Por Mónica Hernández
La noticia me dejó en un estado de pasmo porque no lograba comprender bien la noticia: una mujer que yo asumía maravillosa, conocida, respetada y hasta querida por mí y por miles, millones de lectores en todo el mundo a través de sus letras… ocultó un caso criminal. Lo escondió debajo de su personal halo de intelectual, de superioridad “moral”, debajo de su alta estatura internacional. Benjamin Labatut menciona en su libro Maniac que a los titanes les falta virtud de la ética. A Munro, desde luego. Yo me pregunto, ¿qué miserias habitarían dentro de esa escritora para solapar y encubrir a un marido criminal que abusa de una de tus hijas? (hasta ahora solo se sabe de una… pero la vida siempre da sorpresas).

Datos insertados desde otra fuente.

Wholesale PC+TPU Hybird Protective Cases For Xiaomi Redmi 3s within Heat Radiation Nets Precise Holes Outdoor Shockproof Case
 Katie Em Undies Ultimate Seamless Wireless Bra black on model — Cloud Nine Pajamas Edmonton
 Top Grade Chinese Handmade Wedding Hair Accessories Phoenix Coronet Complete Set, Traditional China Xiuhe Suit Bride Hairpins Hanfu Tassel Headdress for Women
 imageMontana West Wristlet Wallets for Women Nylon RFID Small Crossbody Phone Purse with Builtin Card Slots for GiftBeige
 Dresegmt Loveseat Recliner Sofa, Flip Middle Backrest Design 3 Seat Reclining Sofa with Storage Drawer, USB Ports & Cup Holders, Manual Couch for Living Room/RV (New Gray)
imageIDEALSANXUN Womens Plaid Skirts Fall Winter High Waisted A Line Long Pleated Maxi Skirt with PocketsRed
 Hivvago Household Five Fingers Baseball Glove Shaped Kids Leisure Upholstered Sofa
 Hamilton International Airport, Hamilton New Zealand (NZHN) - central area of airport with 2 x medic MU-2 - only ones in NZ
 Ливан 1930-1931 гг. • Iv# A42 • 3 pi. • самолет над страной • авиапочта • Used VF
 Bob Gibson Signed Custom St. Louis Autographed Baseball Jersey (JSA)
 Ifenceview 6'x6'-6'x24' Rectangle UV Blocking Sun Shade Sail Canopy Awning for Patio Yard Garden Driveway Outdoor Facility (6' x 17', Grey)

Andrea Robin Skinner, una de las cuatro hijas de la Premio Nobel de Literatura, Alice Munro, denunció, desde que era una niña los abusos sexuales que le propinó su padrastro, un señor llamado Gerald Fremlin (fallecido hace poco, impune desde luego). A este hombre, como a muchos, les pareció que la “carne” de la casa de su mujer estaba tan disponible para él como lo estaba su esposa, la escritora. El asunto no paró ahí: el mismo padre de la criatura de nueve años (en ese verano de 1976) decidió ignorar la denuncia de su hija. Me imagino los comentarios del estilo “tiene mucha imaginación”, “seguro lo vio en la tele” “ya no sabe qué inventar para llamar la atención”… y un largo etcétera. Releo esta frase y me doy cuenta de lo que yo misma estaba haciendo el verano de 1976, el año que me mudé a Estados Unidos: Andrea Robin es un año mayor que yo y mientras yo comía pays de manzana y veía los fuegos artificiales del 4 de julio de 1976, el 200 aniversario de la independencia americana… ella sufría abuso sexual a unos cientos de kilómetros de donde yo estaba en ese momento. La vida desde luego reparte cartas variadas. Ella, hija de una autora reconocida y esforzada, siendo vejada. Yo, la hija de un estudiante de universidad de posgrado, corriendo por el parque.